◆ **WORK REQUEST**: Only the lines from the one holding "Cirago HDMSWITCH3X1 HDMI 3x1 Switch (3-In to 1-Out) Cirago" through the end of the material are to be repeated, exactly and without pictures.

◆ **PROVIDED DATA**:
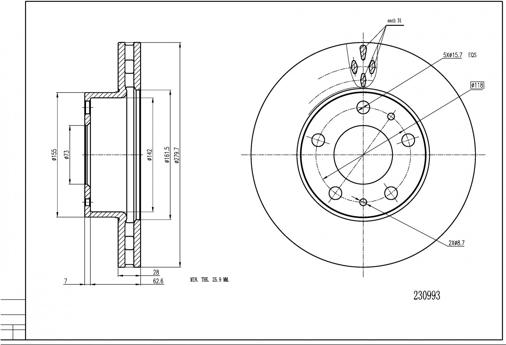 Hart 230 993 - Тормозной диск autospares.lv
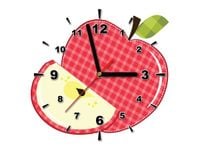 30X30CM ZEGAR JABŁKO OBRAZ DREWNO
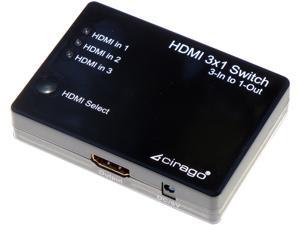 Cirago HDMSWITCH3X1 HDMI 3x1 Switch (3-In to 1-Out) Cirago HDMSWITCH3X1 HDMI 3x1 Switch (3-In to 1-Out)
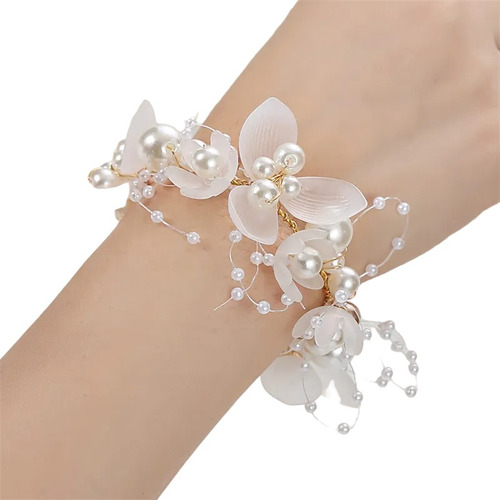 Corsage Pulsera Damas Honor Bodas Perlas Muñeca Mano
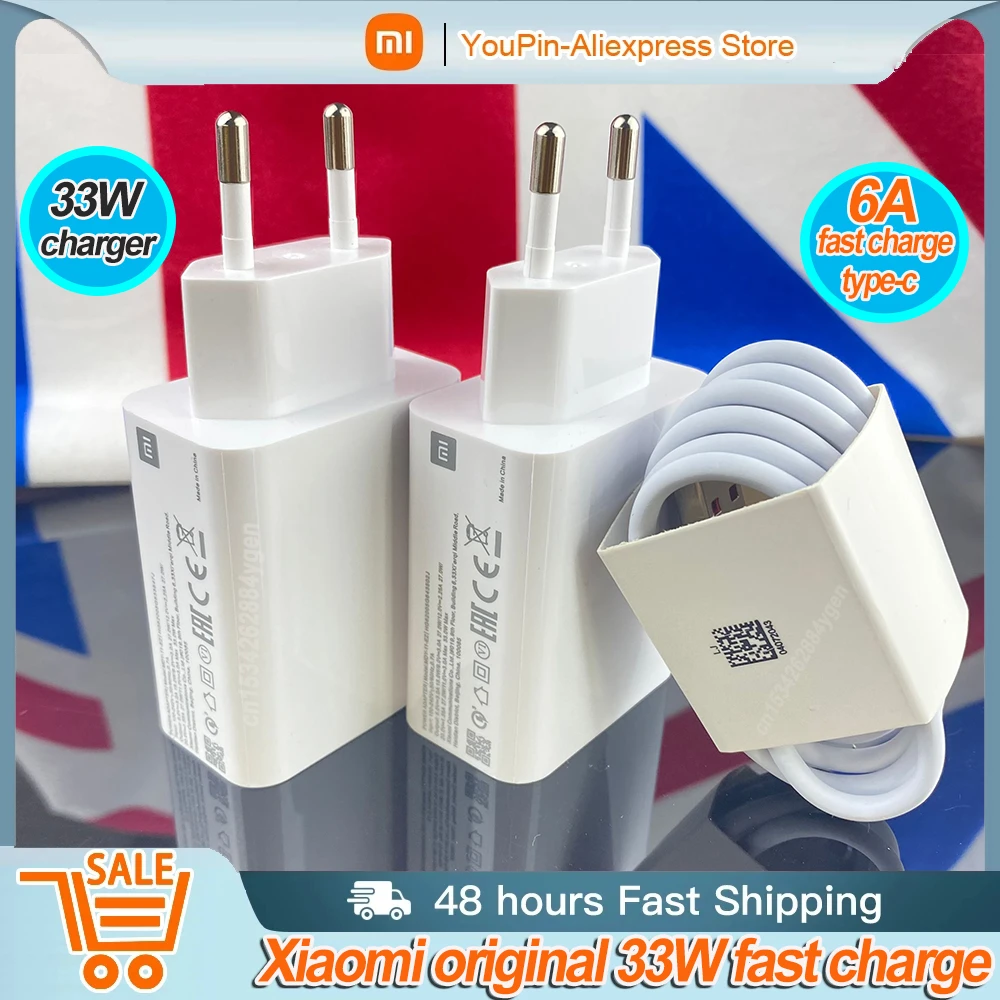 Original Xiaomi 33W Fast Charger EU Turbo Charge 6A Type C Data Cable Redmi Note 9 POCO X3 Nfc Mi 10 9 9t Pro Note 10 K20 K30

◆ **RESPONSE BELOW**:
 Cirago HDMSWITCH3X1 HDMI 3x1 Switch (3-In to 1-Out) Cirago HDMSWITCH3X1 HDMI 3x1 Switch (3-In to 1-Out)
 Corsage Pulsera Damas Honor Bodas Perlas Muñeca Mano
 Original Xiaomi 33W Fast Charger EU Turbo Charge 6A Type C Data Cable Redmi Note 9 POCO X3 Nfc Mi 10 9 9t Pro Note 10 K20 K30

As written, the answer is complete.